## EXERCISE BRIEF:
Among the records that follow, set down only the lines from the one containing "Dell gaming monitor" to the one containing "Çizme për gra, ngjyrë", both included, exactly.

## RECORD EXCERPTS:
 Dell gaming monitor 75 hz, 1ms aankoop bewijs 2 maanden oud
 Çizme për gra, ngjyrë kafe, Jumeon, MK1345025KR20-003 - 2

* * *

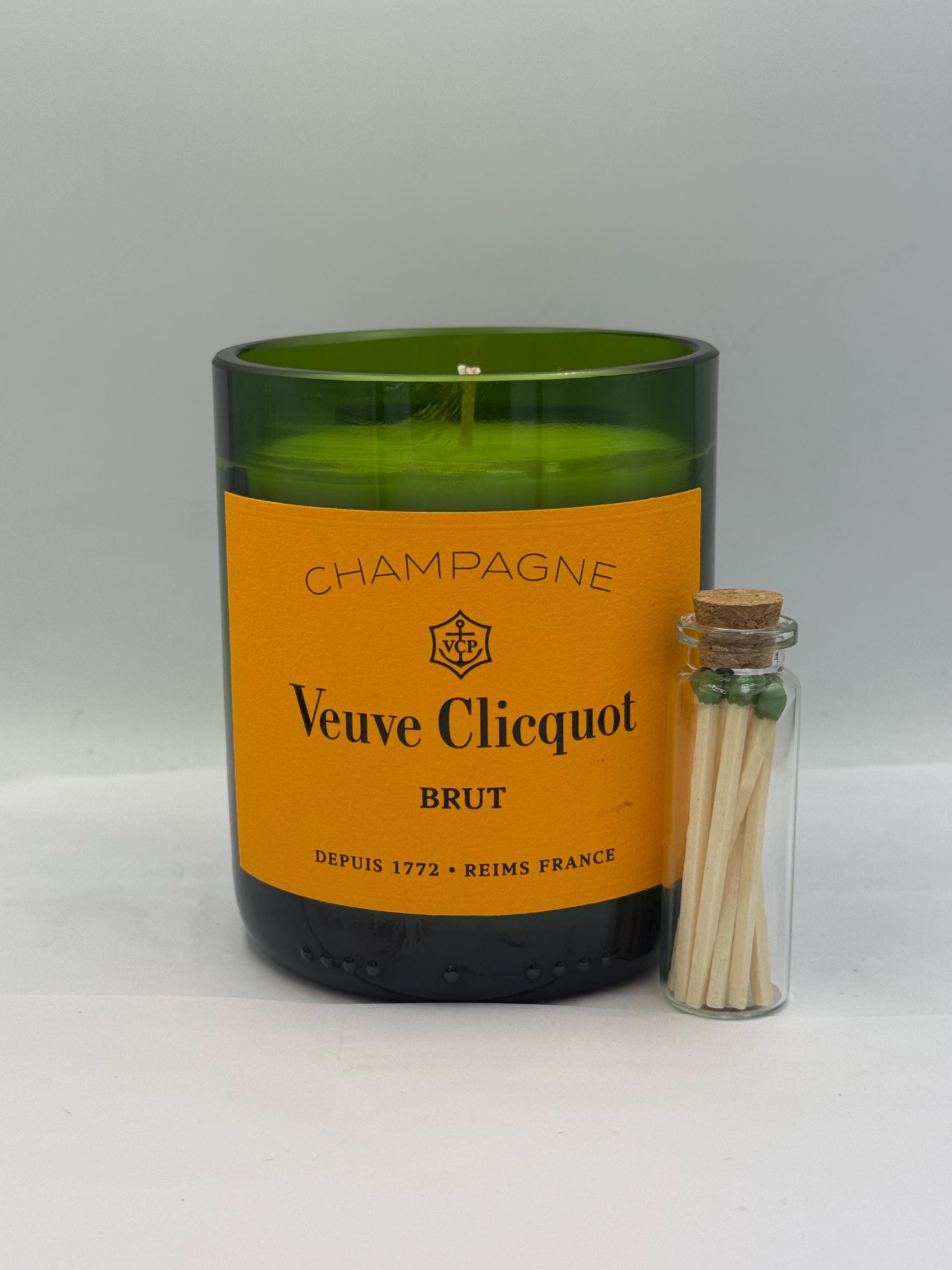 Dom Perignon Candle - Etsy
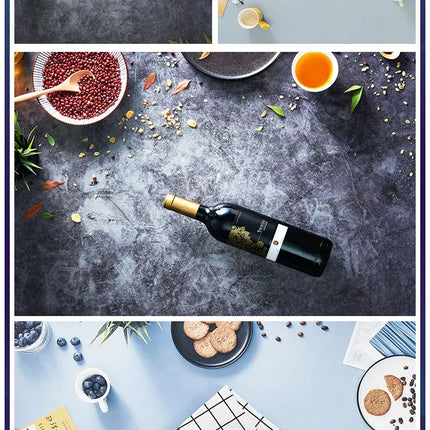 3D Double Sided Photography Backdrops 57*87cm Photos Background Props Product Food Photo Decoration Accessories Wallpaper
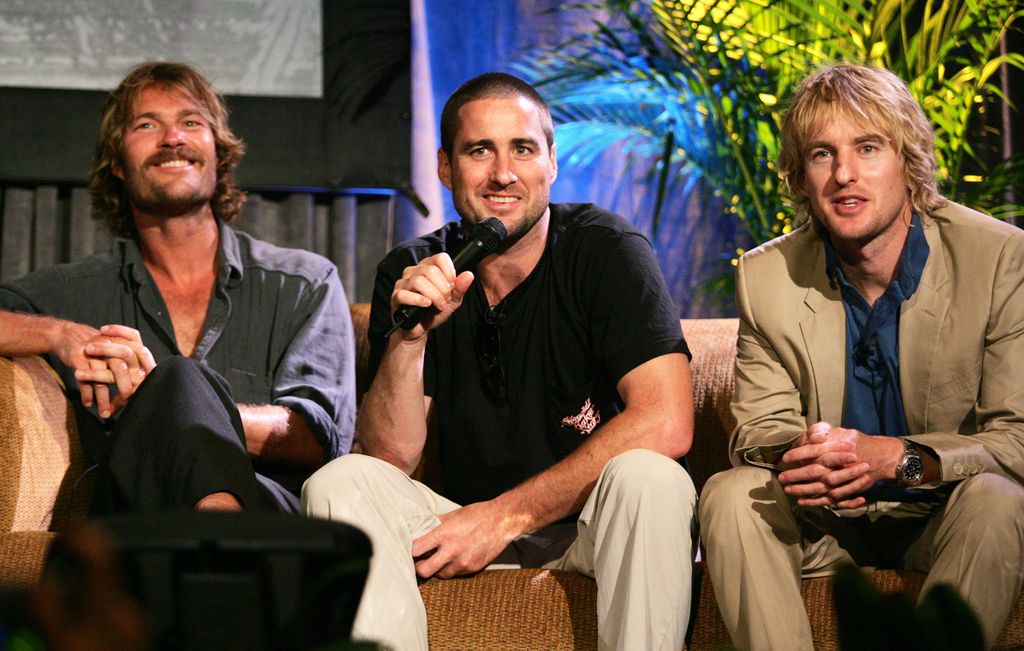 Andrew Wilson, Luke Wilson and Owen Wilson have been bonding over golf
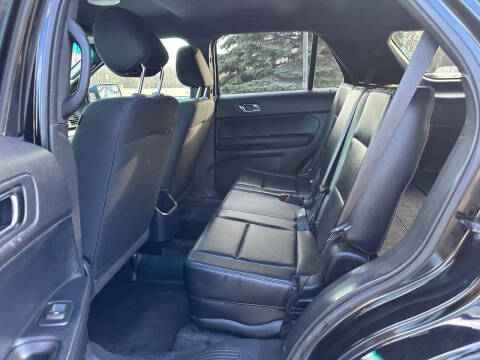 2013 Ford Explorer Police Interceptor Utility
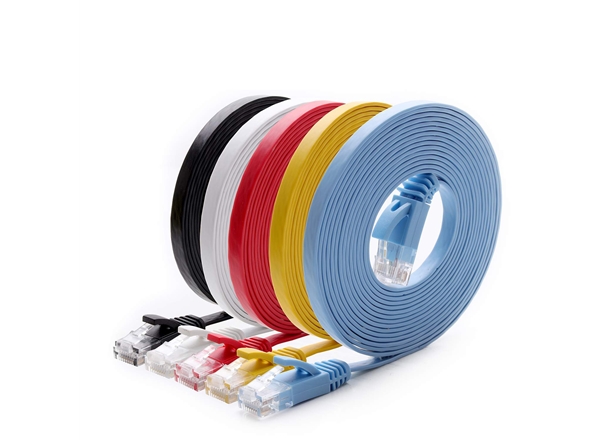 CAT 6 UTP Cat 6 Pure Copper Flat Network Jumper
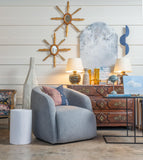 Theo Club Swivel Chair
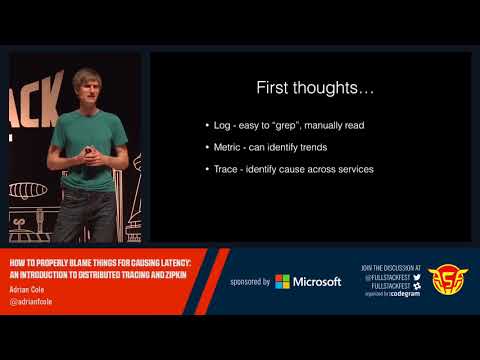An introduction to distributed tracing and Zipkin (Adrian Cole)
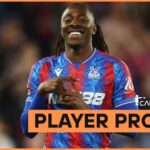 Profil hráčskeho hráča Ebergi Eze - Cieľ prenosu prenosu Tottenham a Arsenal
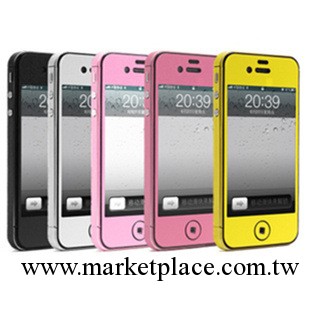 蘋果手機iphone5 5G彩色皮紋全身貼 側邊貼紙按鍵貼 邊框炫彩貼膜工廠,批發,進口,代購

==

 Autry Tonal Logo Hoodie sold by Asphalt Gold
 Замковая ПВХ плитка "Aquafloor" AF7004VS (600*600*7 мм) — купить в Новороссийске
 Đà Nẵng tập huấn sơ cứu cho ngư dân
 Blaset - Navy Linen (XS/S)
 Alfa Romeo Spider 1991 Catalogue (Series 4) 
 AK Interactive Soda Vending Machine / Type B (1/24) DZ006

## TASK RESULT:
 Dell gaming monitor 75 hz, 1ms aankoop bewijs 2 maanden oud
 Çizme për gra, ngjyrë kafe, Jumeon, MK1345025KR20-003 - 2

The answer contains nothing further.